Range to copy from the entries below: the line containing "6 Statuenpark" through the line containing "2020 Porsche Cayenne", inclusive. Retype only those lines, exactly, without any images.

**Source records:**
++++++

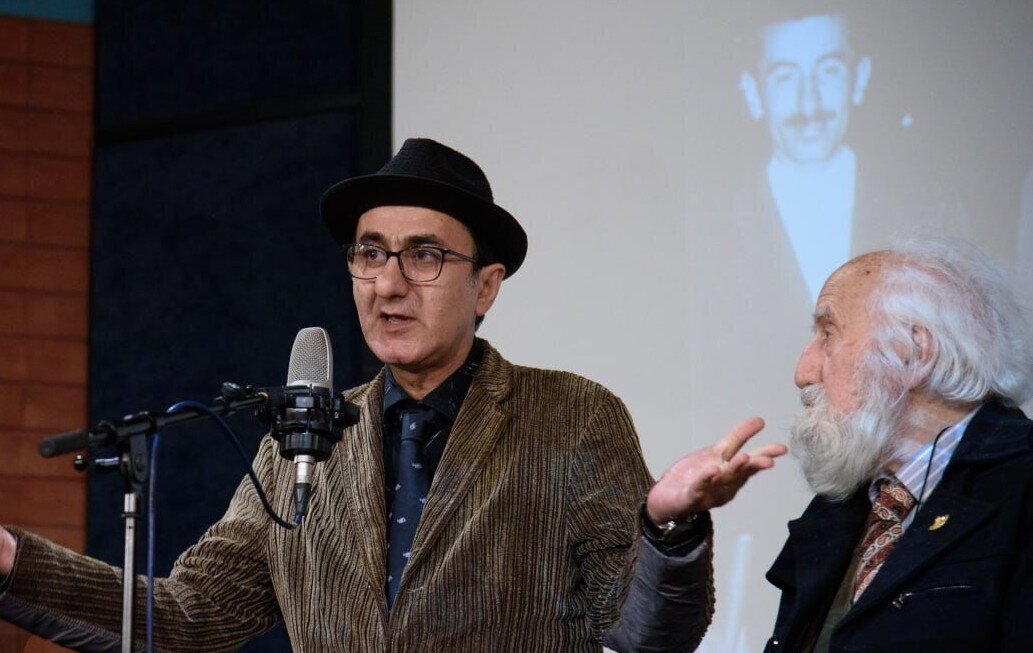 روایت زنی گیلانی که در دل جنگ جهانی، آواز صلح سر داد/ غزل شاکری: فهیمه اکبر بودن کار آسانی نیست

++++++

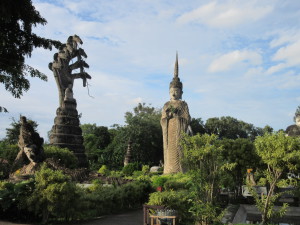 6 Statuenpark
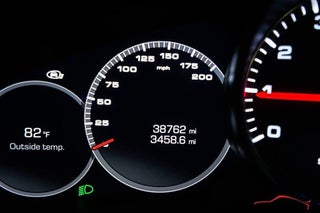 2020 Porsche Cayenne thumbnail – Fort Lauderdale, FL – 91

++++++

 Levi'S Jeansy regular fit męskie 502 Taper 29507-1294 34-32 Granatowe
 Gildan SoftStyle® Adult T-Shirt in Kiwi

++++++

**Answer box:**
 6 Statuenpark
 2020 Porsche Cayenne thumbnail – Fort Lauderdale, FL – 91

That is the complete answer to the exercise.